The plan is to implement snapshots of the validator set so we could achieve at least a full epoch (i.e. 32 slots) of proposer and attester lookahead.

Proposer builds block

1. Proposers execute transactions and compute side effects and a state root

For each slot, the selected sequencer must collect enough TxObjects from the p2p layer (or from its private stash) to satisfy minTxPerBlock. The sequencer executes each transaction they want to include to generate a list of state diffs (per tx) and a final state root (per block proposal).

2. Proposers send the proposal to the committee to collect attestations

A proposal containing the header, a list of TxHash, and a state root is sent to every committee member.

3. The committee verifies the proposal

Each committee member which receives a proposal must:

1. Check that they’ve seen the TxHash before i.e. they have verified the proof for the corresponding tx. An honest node would request from the p2p layer the TxObject and associated proof for a TxHash that it has not seen before.
2. Execute all the TxObject objects included in the proposal.
3. Verify the KZG versioned hashes included in the header.
4. Compare their resulting state root to that proposed by the sequencer.

If the check passes, an honest committee member would then sign over the proposal and send it back to the sequencer.

Sequencer publishes a block

A sequencer would then collect and aggregate signatures from the committee. If they’re able to get the required quorum, then the sequencer:

1. Posts the TxEffects i.e. block body to blob DA
2. Posts signatures, the block header (which contains a commitment to the TxEffects), and a state root to calldata.

The L1 Rollup contract will perform some checks including:

1. The KZG versioned hash in the header matches what has been published to blob DA
2. The correct proposer proposed the block.
3. Verify global variables such as slot number and block.timestamp etc.
4. Verify signatures of the L2 attestation committee.

Next sequencer comes online

Now that a block has been appended to the Pending Chain, the next sequencer in line has been anticipating their turn (proposer lookahead) and is ideally online and prepared to begin building blocks.

Before the next proposer begins accumulating txs from the p2p layer, they must first “catch up” to the Pending Chain. To do so, they download the TxEffects from L1 DA. They apply all TxEffects and compute a state root. If it matches the Pending Chain state root as published to L1, then they proceed to the block building workflow as above.

Section 2: Proving Workflow

Blocks appended to the Pending Chain are not considered final and they may in-fact reorg under different scenarios. To finalize a block, it must be proven and added to the tip of the Proven Chain. Blocks added to the Proven Chain are considered final from the perspective of the rollup and cannot be re-orged (without an L1 reorg).

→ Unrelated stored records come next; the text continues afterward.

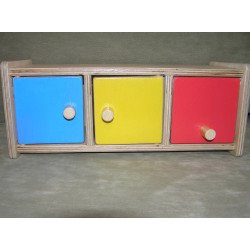 Шкафчик с ящичками.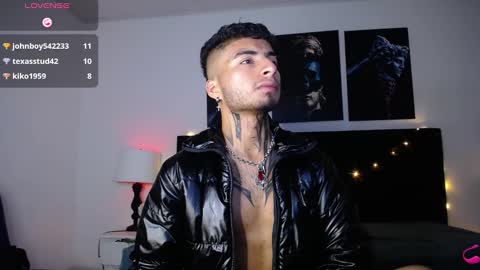 juancamilo66_ online show from February 10, 2025, 7:15 am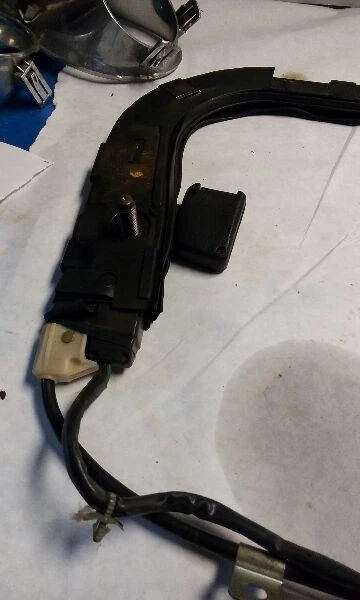 1988 Nissan Maxima Right Passenger Front Seat Belts Power - Image 3 of 4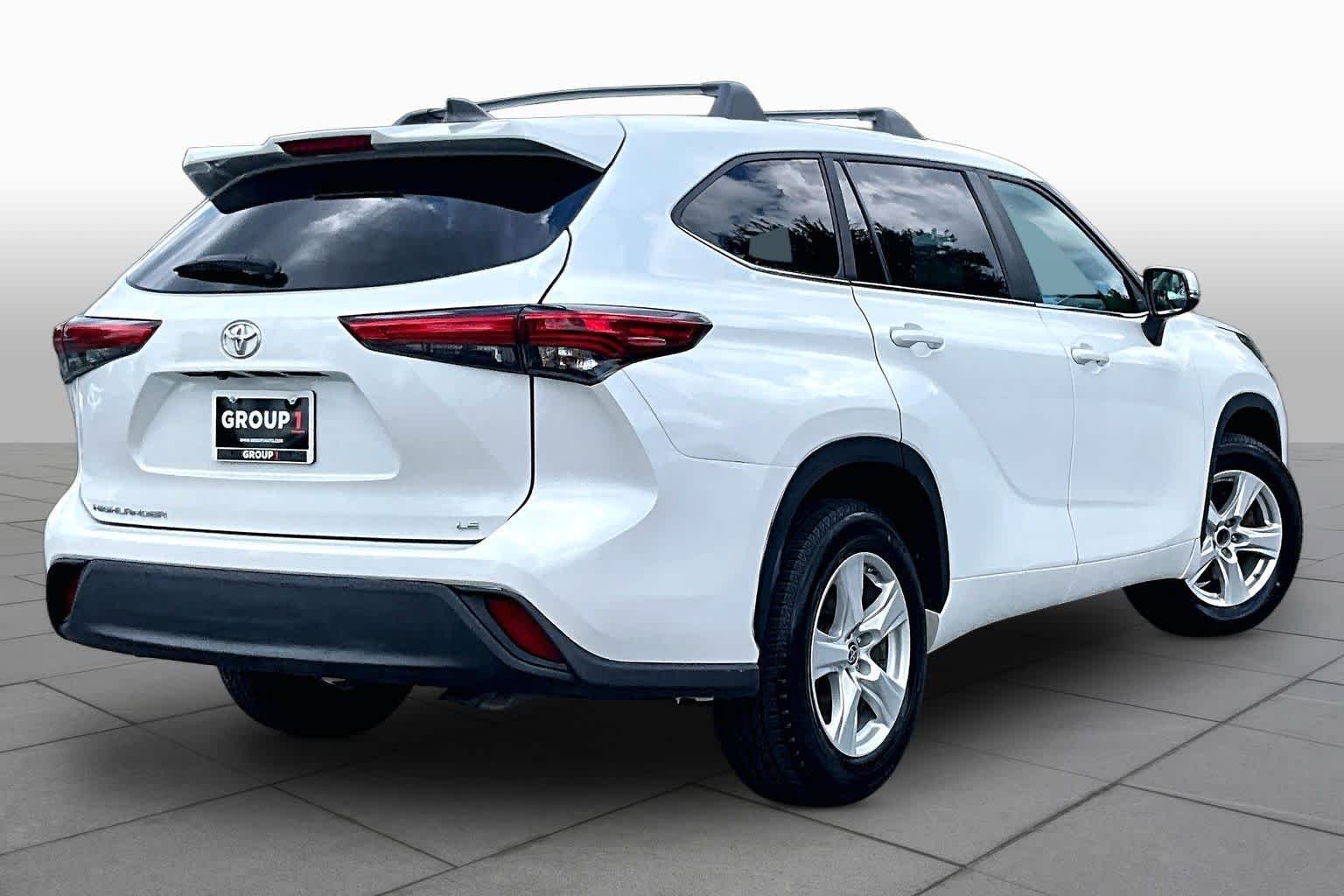 Used 2023 Wind Chill Pearl Toyota LE image 13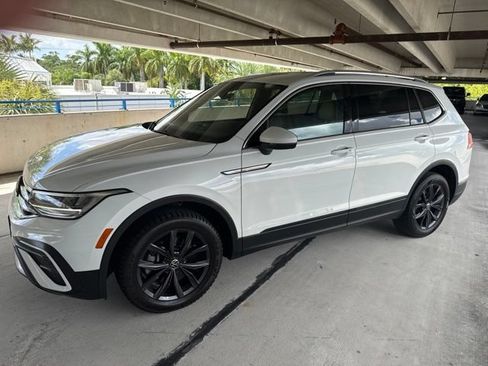 Used 2022 Volkswagen Tiguan SE AWD/4WD image 1
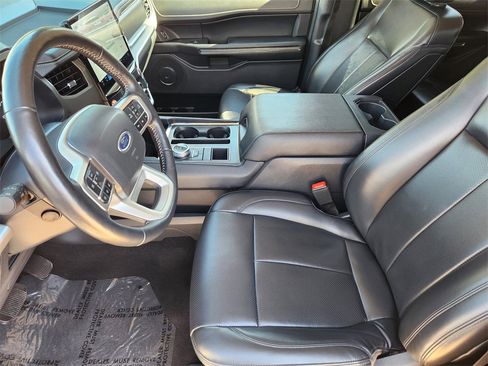 Used 2024 Ford Expedition Max XLT image 13
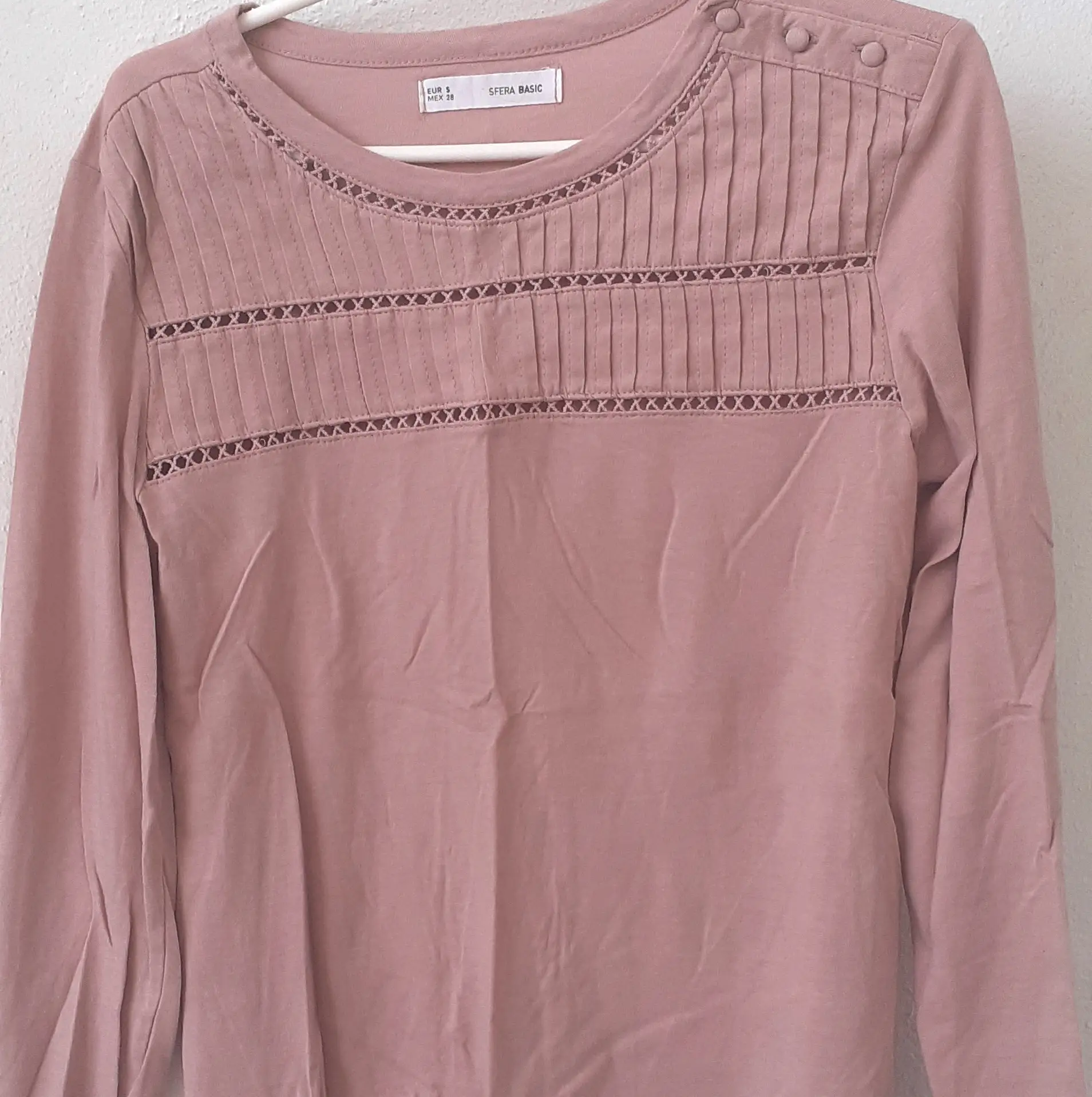 Camiseta-sin-mangas-gris-corazon-mujer_resultado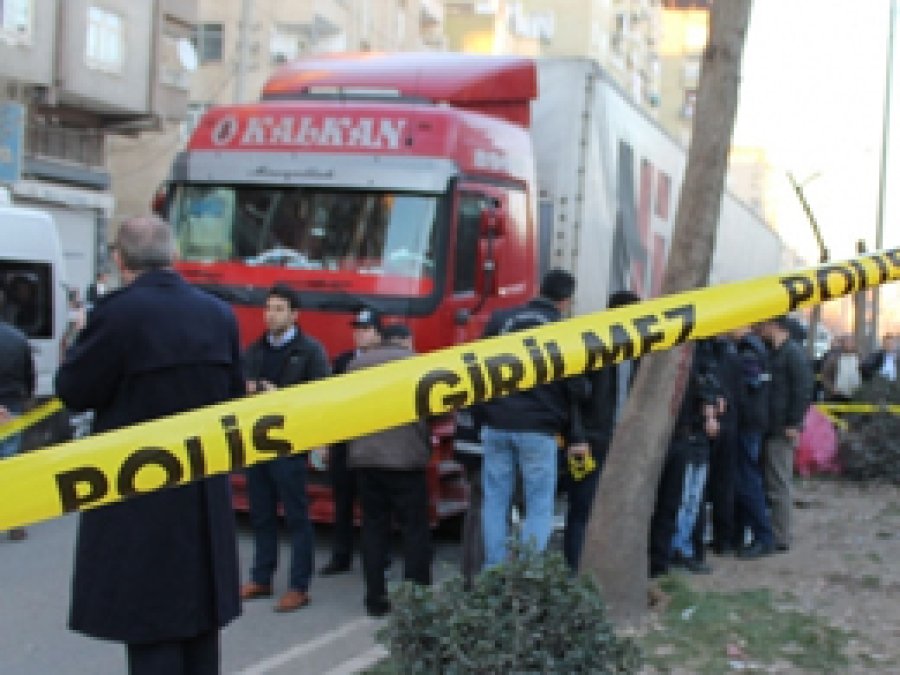 TIR 7 yaşındaki çocuğu ezdi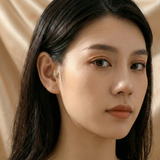 Brinco de Tragus em Ouro Maciço 14K com Borboleta – Joia Delicada para Piercing na Cartilagem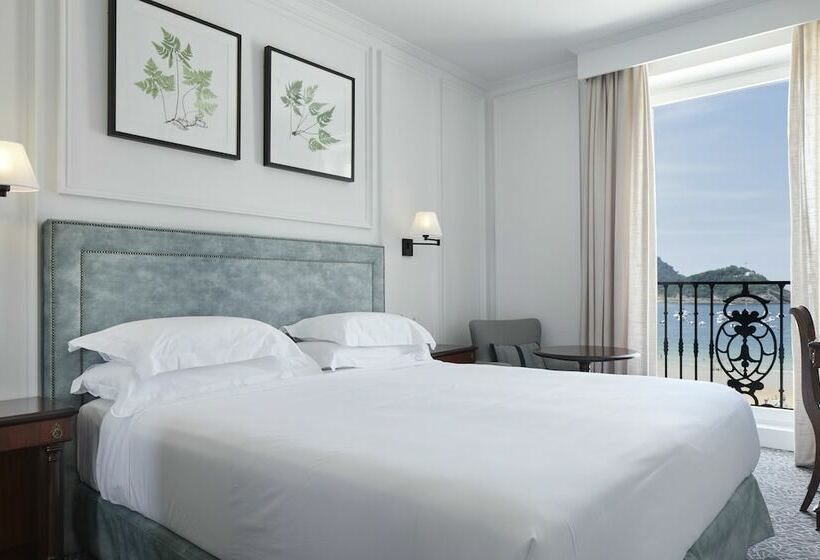 חדר בסיסי, De Londres Y De Inglaterra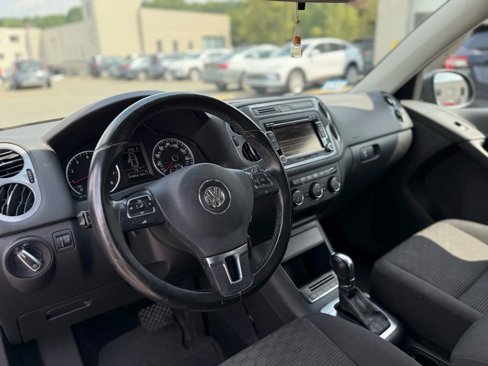 Used 2015 Volkswagen Tiguan S image 14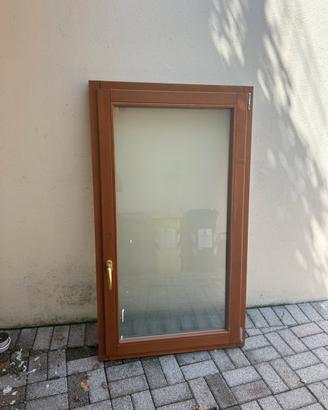 Finestra in legno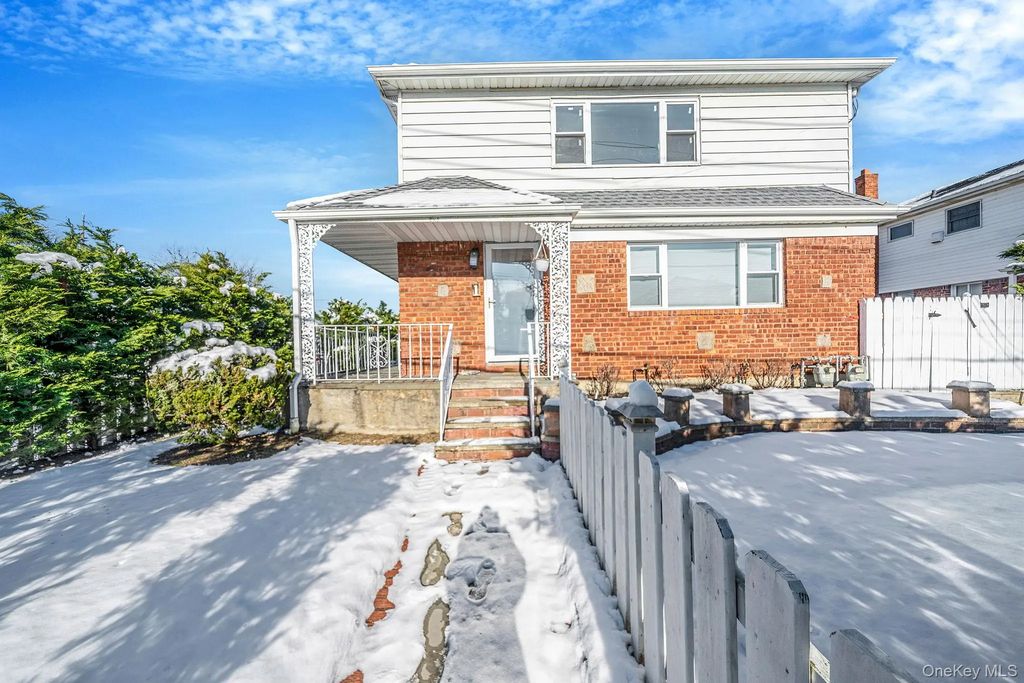 1 Munro Boulevard, Valley Stream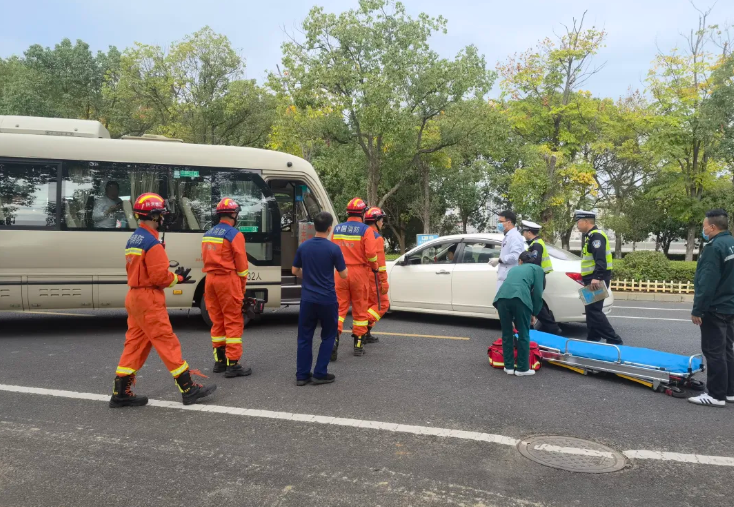 吉安公司：開展道路交通事故應(yīng)急處置救援演練活動(dòng)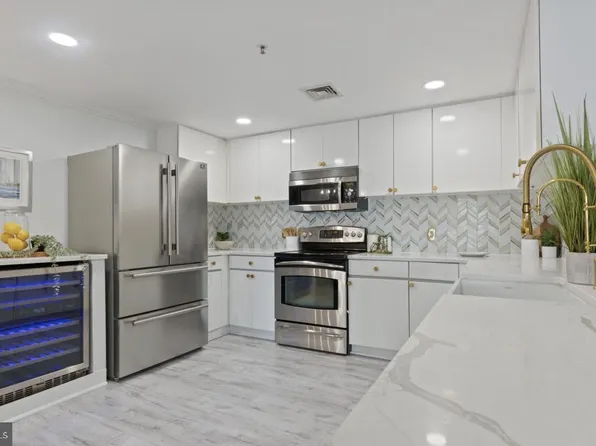 250 President St Unit 600, Baltimore, MD 21202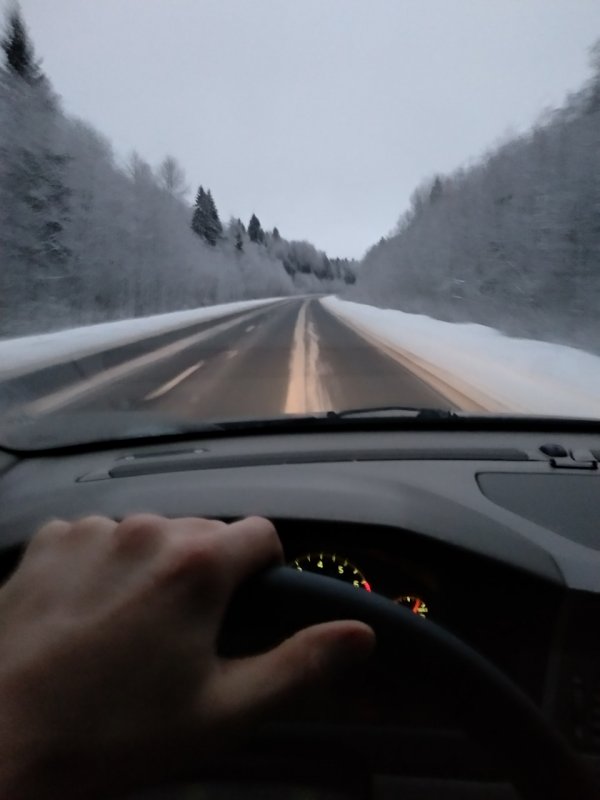 Зимняя дорога из машины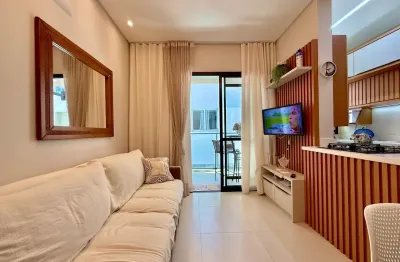 Lindo apartamento mobiliado com 2 quartos na praia de palmas, prédio com piscina e salão de festas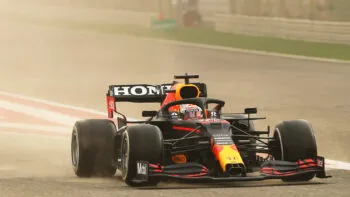 Verstappen encabeza el día 1 de las pruebas de pretemporada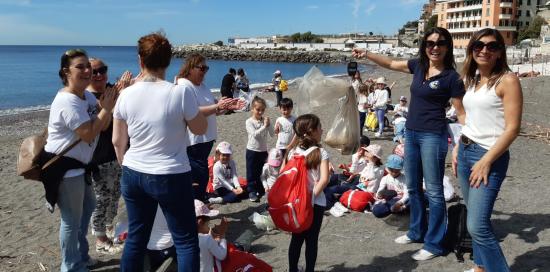 spiagge pulite-Children-Gruppo
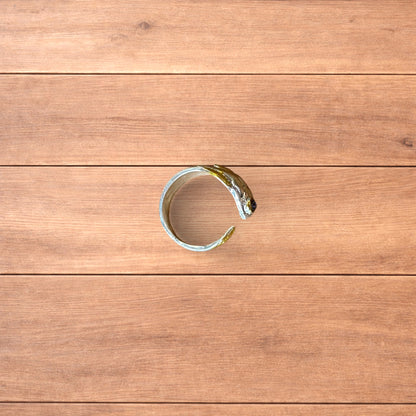 Lovely vintage style retro fish ring in silver/gold.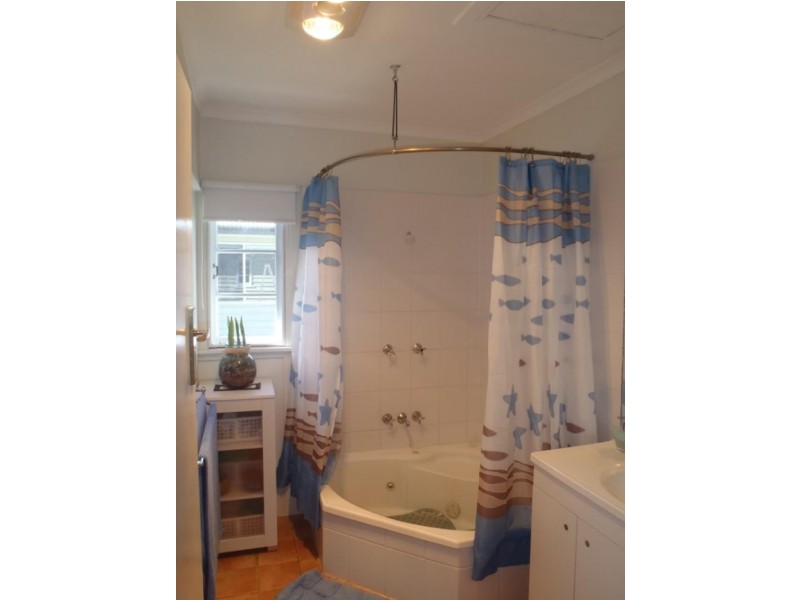 16 Mountaindale Court, Mooloolah Valley QLD 4553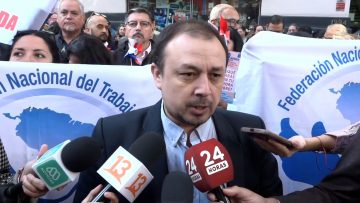 26042409 DIPUTADO CUELLO POR 40 HORAS 01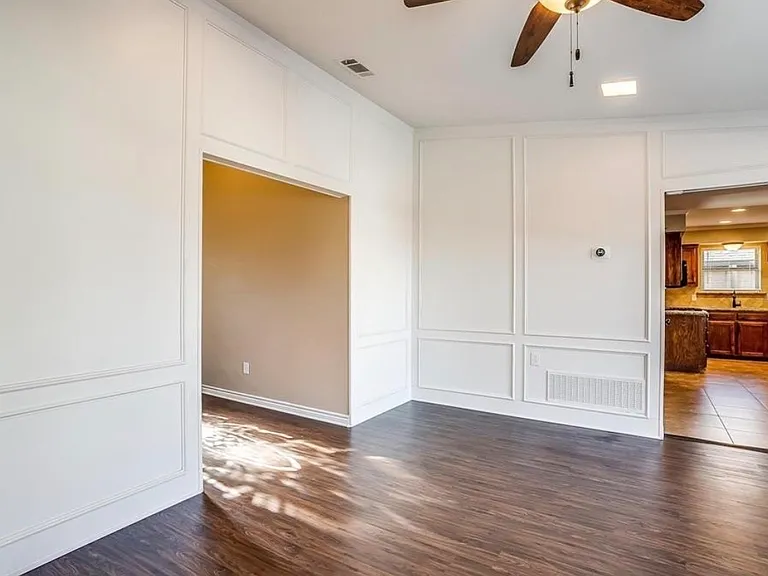 406 W Jefferson St — Photo 4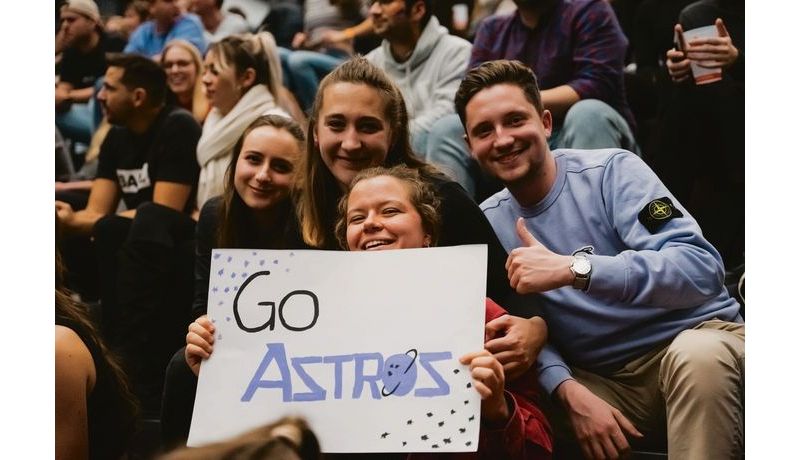 Impressions from the first JKU Astros home game; photo credit Lukas Zottl
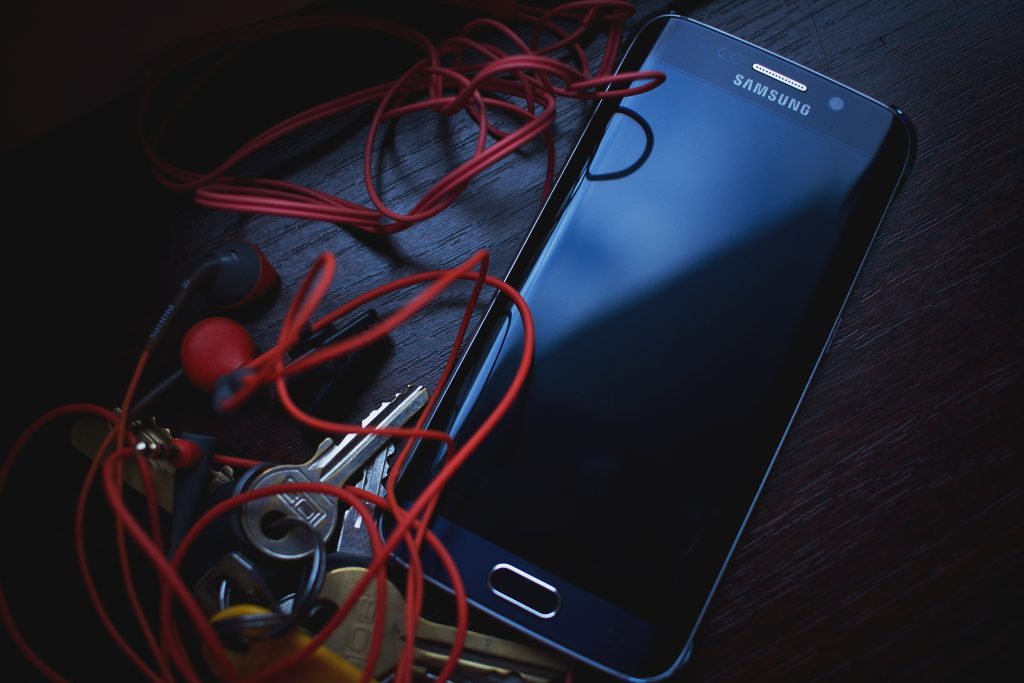 Phone, headphones and keys 3 - free stock photo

Provers must produce proofs for an entire epoch. A proof for a strict subset of an epoch will not be accepted on the L1 rollup contract.

Proof claim phase

The proving workflow starts from the moment an epoch=N ends (i.e. 32 slots have elapsed since the start of the epoch).

Proposers in the first C=13 (see FAQ for why C=13) slots of epoch=N+1 fetch quotes from provers who commit to producing a rollup proof for the entire epoch=N. The commitment to produce a proof is in the form of a bond posted by the proposer on behalf of the prover.

For example, in the first slot of epoch=N+1, only the first proposer has the right to post the bond. If they have not posted a bond by the time slot 2 starts, that right is transferred to the slot 2 proposer and so on until we cycle through the first C proposers.

If no bond is secured within the first C slots, then the Pending Chain is pruned to the last proven block and we restart trying to grow the Pending Chain again.

Why require a bond?
A bond holds a prover accountable for producing a epoch proof. It also prevents multiple provers from competing to produce the proof, consequently wasting compute resources.

Proof submission phase

If a proving bond is secured within the first C slots of epoch=N+1, the prover will have until the end of the epoch to produce a valid proof that is verified on the L1 and accepted into the Proven Chain. If a proof for epoch=N lands anytime within epoch=N+1 and is verified by the L1 contract, then epoch=N is added to the Proven Chain and is considered finalized.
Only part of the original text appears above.